TASK DIRECTIONS →
Beginning with the line that holds "2424 Granite Road", copy each line through the end of the material below, exactly and with no pictures.

DATA →

::::::::

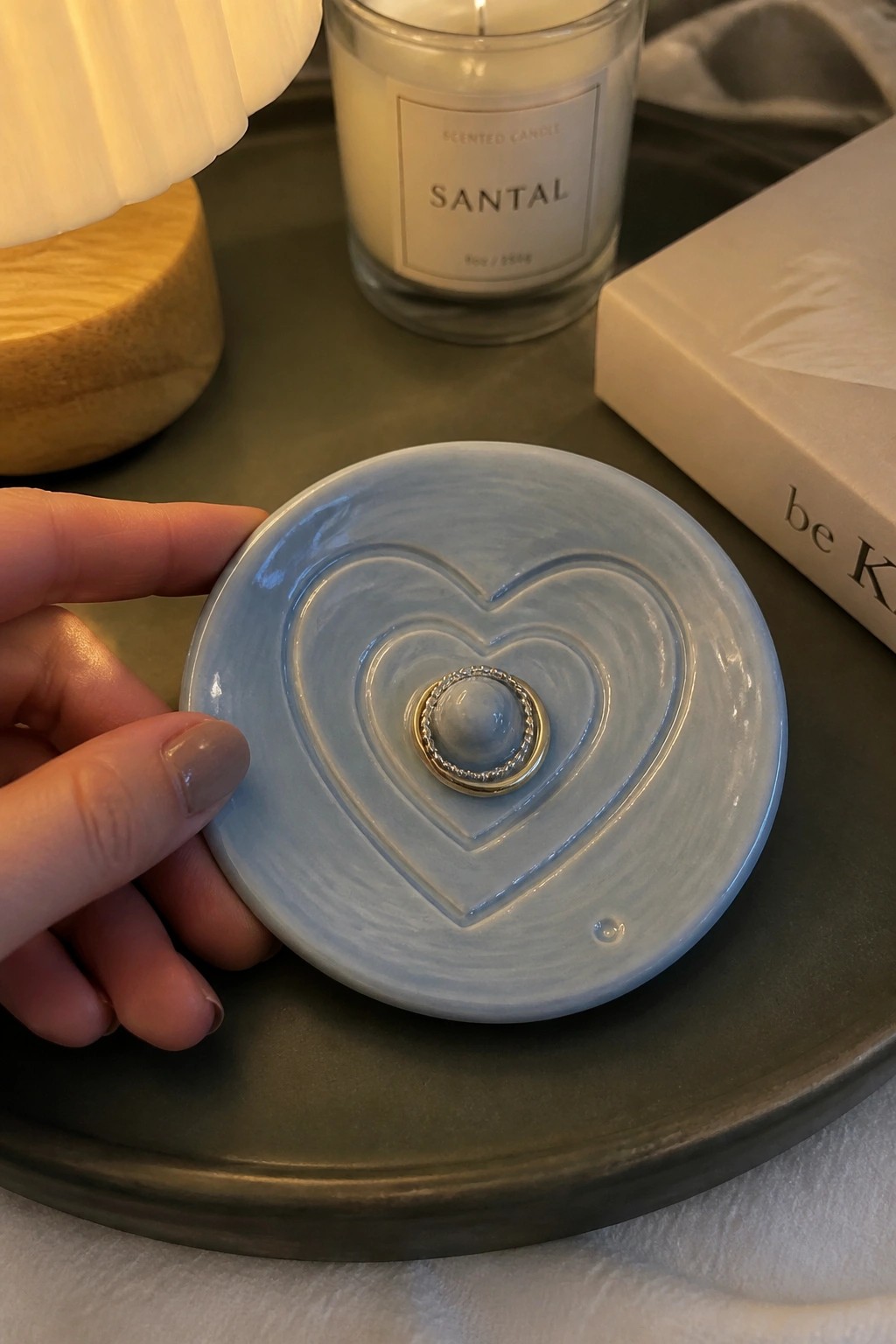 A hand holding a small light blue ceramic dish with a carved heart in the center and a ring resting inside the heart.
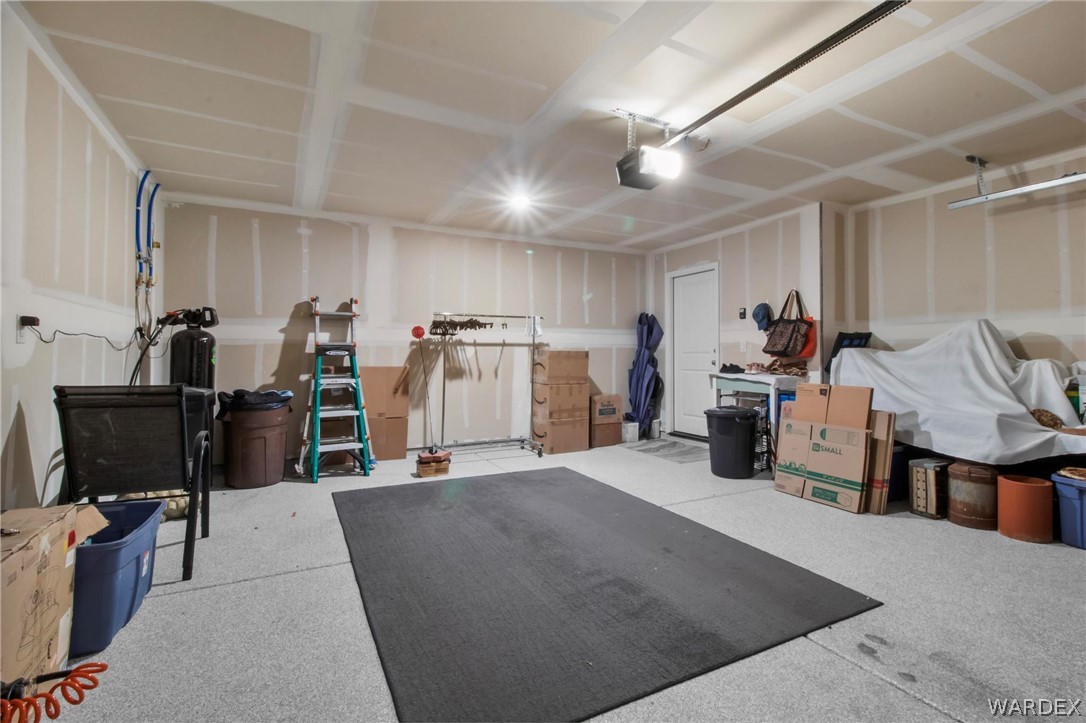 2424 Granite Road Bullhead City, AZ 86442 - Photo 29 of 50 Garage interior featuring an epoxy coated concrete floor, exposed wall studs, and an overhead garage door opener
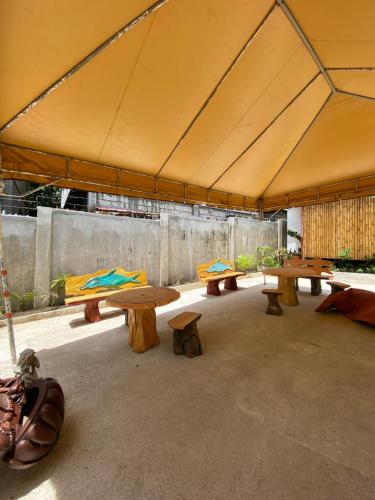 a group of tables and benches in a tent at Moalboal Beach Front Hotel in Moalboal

::::::::

OUTPUT BELOW →
 2424 Granite Road Bullhead City, AZ 86442 - Photo 29 of 50 Garage interior featuring an epoxy coated concrete floor, exposed wall studs, and an overhead garage door opener
 a group of tables and benches in a tent at Moalboal Beach Front Hotel in Moalboal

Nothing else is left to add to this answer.